# HITLER



## SLICKPULLAHO (Mar 9, 2006)

THE OWNER OF MY 75G


----------



## The Predator (Sep 28, 2005)

what is he?


----------



## oscar119 (Nov 26, 2005)

Dovii?


----------



## Mettle (Dec 29, 2003)

I have a feeder goldfish that I bought for 20cents named Hitler. He has a 'stasch and everything. And tried killing a bunch of fancy goldfish. Now he lives in the living room and torments the dogs through the glass.


----------



## oscar119 (Nov 26, 2005)

Mettle said:


> I have a feeder goldfish that I bought for 20cents named Hitler. He has a 'stasch and everything. And tried killing a bunch of fancy goldfish.
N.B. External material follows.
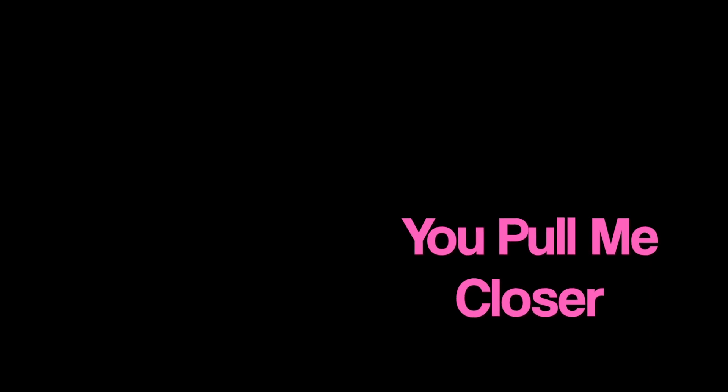You pull me down. You pull me closer and closer, over and over. Closer and closer, over and over. Closer and closer, over and over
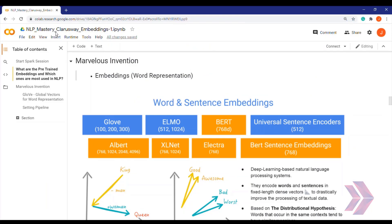In this video we have learned the meaning and the basic concepts of pre-trained word embeddings, and we had a quick introduction to the most used pre-trained embeddings in natural language processing. See you in the next video. Goodbye!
Now he lives in the living room and torments the dogs through the glass.


Holy crap... that's freaky...


----------



## lament configuration (Jun 22, 2003)

some guapote.


----------



## SLICKPULLAHO (Mar 9, 2006)

Mettle said:


> I have a feeder goldfish that I bought for 20cents named Hitler. He has a 'stasch and everything. And tried killing a bunch of fancy goldfish. Now he lives in the living room and torments the dogs through the glass.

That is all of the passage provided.